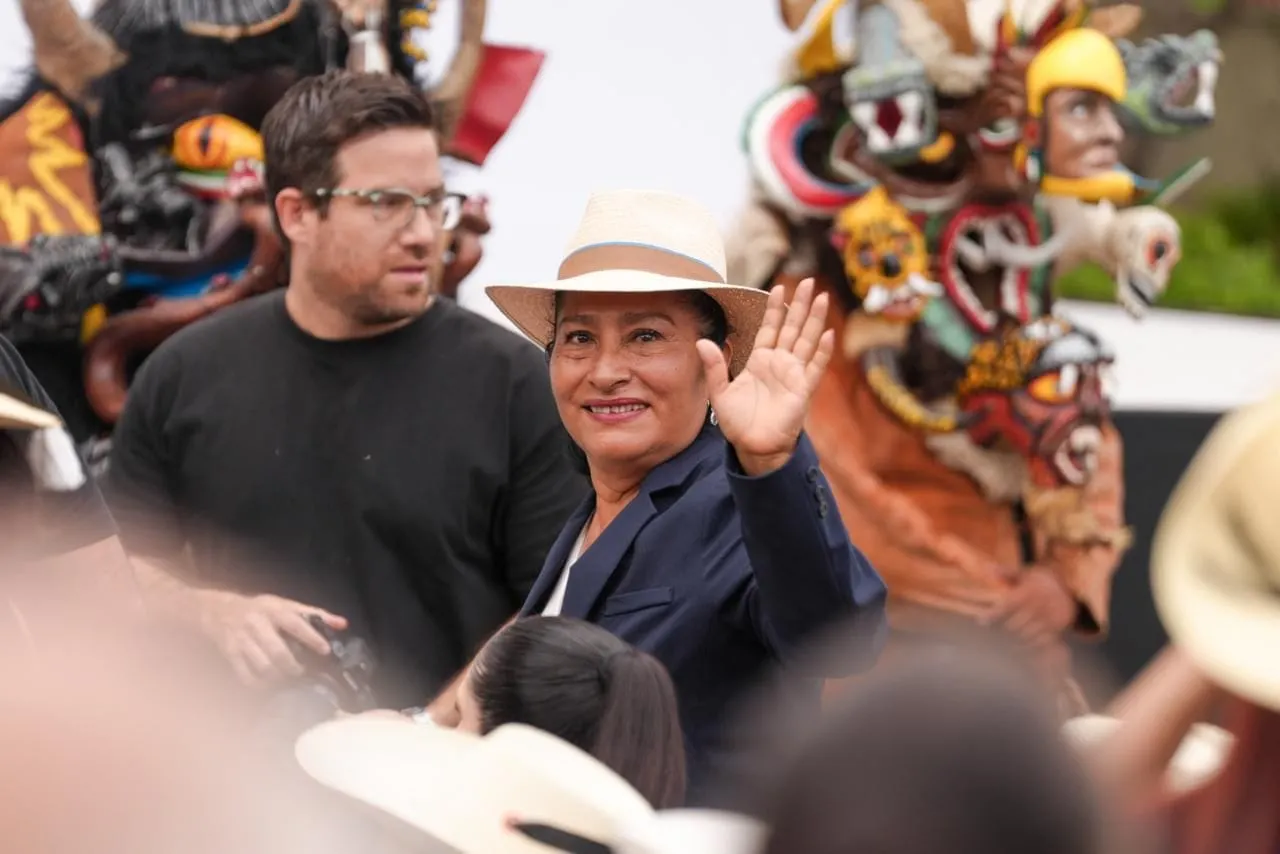 Desde Chilpancingo, Abelina cierra filas con Claudia Sheinbaum a dos años del triunfo histórico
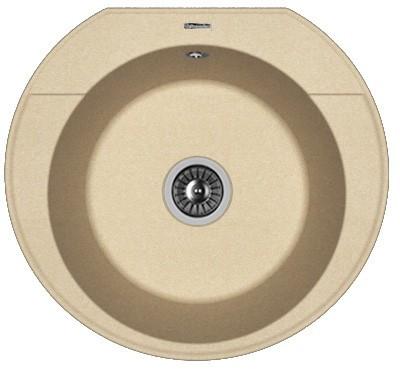 Кухонная мойка Florentina Эльба 560 20.145.C0555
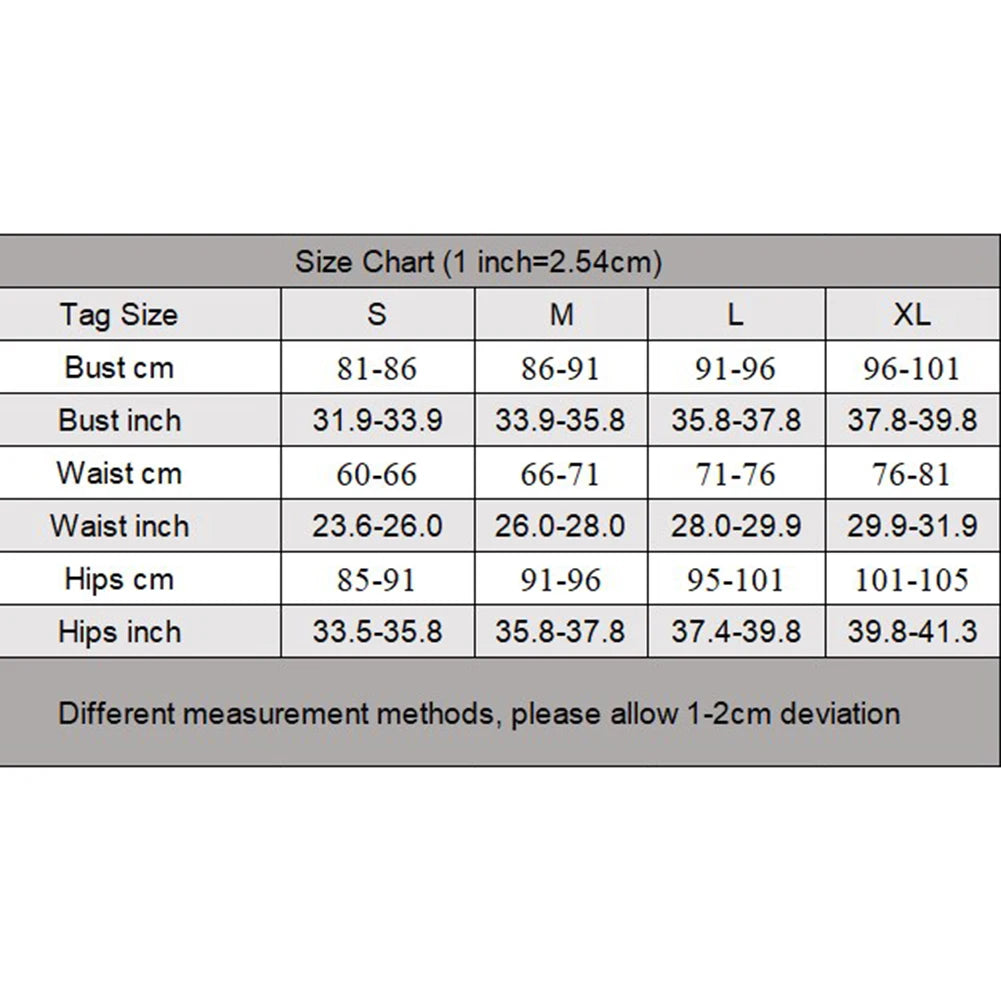 Womens Bikini Set Summer Swimsuit New Solid Color Two-piece Swimsuit Suit Fashion Casual Versatile Bikini Beachwear Bathing Suit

........

### What to do
Copy out all of the listing word for word, but skip the images.

### Result
 Desde Chilpancingo, Abelina cierra filas con Claudia Sheinbaum a dos años del triunfo histórico
 Кухонная мойка Florentina Эльба 560 20.145.C0555
 Womens Bikini Set Summer Swimsuit New Solid Color Two-piece Swimsuit Suit Fashion Casual Versatile Bikini Beachwear Bathing Suit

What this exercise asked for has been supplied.